• TASK INSTRUCTIONS
Go to the line below containing "Used 2018 Toyota" and print exactly from there through the line containing "تقرير.. برشلونة مستعد", both included. Print nothing else.

*** RECORDS

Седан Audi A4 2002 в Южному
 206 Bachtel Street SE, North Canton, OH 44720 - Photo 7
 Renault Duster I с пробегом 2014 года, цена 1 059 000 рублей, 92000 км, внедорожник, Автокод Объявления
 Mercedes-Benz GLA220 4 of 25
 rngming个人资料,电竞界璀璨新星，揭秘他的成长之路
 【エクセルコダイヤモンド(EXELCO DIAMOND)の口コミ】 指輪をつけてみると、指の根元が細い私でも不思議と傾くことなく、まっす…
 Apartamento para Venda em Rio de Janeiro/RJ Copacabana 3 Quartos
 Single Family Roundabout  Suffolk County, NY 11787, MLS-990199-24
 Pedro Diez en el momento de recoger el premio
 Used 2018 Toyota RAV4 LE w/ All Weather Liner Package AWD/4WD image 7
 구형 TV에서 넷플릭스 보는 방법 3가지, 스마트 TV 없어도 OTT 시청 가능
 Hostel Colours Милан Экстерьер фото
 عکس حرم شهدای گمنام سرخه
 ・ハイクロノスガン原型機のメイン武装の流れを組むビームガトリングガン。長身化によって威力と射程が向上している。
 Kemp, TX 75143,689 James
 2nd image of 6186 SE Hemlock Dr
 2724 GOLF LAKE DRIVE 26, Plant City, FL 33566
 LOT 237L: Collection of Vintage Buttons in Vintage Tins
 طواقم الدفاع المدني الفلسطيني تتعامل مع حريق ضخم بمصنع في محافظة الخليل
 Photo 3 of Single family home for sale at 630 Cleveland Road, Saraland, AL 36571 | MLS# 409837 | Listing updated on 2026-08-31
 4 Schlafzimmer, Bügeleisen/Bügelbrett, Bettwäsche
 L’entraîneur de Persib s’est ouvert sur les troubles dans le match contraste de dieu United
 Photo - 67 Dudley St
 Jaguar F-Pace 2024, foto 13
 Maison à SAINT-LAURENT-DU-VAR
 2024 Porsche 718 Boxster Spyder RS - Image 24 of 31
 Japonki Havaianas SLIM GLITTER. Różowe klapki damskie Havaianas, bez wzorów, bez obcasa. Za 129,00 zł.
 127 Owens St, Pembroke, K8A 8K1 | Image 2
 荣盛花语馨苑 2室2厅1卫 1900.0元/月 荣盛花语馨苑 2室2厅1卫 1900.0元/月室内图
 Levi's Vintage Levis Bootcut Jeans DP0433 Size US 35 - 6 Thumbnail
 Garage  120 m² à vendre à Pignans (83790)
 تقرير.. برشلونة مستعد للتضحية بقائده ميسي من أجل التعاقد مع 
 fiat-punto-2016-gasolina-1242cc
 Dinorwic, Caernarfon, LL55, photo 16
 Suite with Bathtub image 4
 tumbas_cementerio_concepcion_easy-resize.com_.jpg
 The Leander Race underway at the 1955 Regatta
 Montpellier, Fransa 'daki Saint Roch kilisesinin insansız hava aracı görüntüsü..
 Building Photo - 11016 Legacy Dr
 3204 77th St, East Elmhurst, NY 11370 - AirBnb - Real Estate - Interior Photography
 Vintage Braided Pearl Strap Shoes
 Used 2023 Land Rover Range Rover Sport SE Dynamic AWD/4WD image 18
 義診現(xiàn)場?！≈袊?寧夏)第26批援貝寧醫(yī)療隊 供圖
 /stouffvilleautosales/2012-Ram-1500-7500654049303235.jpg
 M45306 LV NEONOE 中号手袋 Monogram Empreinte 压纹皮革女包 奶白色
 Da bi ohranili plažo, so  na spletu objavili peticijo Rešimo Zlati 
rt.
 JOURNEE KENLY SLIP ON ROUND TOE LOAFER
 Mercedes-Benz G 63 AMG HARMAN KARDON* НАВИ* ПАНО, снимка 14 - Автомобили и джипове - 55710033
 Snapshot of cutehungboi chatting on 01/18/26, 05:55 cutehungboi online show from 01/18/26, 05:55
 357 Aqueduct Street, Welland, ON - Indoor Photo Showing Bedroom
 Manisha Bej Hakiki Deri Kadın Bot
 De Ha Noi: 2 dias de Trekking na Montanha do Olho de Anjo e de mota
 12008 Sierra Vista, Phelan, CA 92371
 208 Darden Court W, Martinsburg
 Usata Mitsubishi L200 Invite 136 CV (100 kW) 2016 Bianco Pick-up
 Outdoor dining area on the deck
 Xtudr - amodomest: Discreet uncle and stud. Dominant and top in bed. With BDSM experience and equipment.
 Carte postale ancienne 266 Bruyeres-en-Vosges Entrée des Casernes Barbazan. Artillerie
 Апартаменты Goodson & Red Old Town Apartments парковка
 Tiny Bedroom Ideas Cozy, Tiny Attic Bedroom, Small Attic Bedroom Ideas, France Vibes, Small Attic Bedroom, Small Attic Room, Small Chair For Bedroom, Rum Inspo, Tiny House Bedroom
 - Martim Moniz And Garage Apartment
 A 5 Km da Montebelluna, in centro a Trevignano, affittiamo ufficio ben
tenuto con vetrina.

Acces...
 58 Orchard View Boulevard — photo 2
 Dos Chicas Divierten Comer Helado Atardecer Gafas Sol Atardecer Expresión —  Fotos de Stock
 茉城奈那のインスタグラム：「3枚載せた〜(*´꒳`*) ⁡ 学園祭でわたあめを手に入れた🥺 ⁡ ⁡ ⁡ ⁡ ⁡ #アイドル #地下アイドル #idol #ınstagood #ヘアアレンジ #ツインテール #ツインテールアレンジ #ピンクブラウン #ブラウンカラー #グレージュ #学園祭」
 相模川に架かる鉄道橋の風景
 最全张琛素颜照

******

• FINISHED EXERCISE
 Used 2018 Toyota RAV4 LE w/ All Weather Liner Package AWD/4WD image 7
 구형 TV에서 넷플릭스 보는 방법 3가지, 스마트 TV 없어도 OTT 시청 가능
 Hostel Colours Милан Экстерьер фото
 عکس حرم شهدای گمنام سرخه
 ・ハイクロノスガン原型機のメイン武装の流れを組むビームガトリングガン。長身化によって威力と射程が向上している。
 Kemp, TX 75143,689 James
 2nd image of 6186 SE Hemlock Dr
 2724 GOLF LAKE DRIVE 26, Plant City, FL 33566
 LOT 237L: Collection of Vintage Buttons in Vintage Tins
 طواقم الدفاع المدني الفلسطيني تتعامل مع حريق ضخم بمصنع في محافظة الخليل
 Photo 3 of Single family home for sale at 630 Cleveland Road, Saraland, AL 36571 | MLS# 409837 | Listing updated on 2026-08-31
 4 Schlafzimmer, Bügeleisen/Bügelbrett, Bettwäsche
 L’entraîneur de Persib s’est ouvert sur les troubles dans le match contraste de dieu United
 Photo - 67 Dudley St
 Jaguar F-Pace 2024, foto 13
 Maison à SAINT-LAURENT-DU-VAR
 2024 Porsche 718 Boxster Spyder RS - Image 24 of 31
 Japonki Havaianas SLIM GLITTER. Różowe klapki damskie Havaianas, bez wzorów, bez obcasa. Za 129,00 zł.
 127 Owens St, Pembroke, K8A 8K1 | Image 2
 荣盛花语馨苑 2室2厅1卫 1900.0元/月 荣盛花语馨苑 2室2厅1卫 1900.0元/月室内图
 Levi's Vintage Levis Bootcut Jeans DP0433 Size US 35 - 6 Thumbnail
 Garage  120 m² à vendre à Pignans (83790)
 تقرير.. برشلونة مستعد للتضحية بقائده ميسي من أجل التعاقد مع 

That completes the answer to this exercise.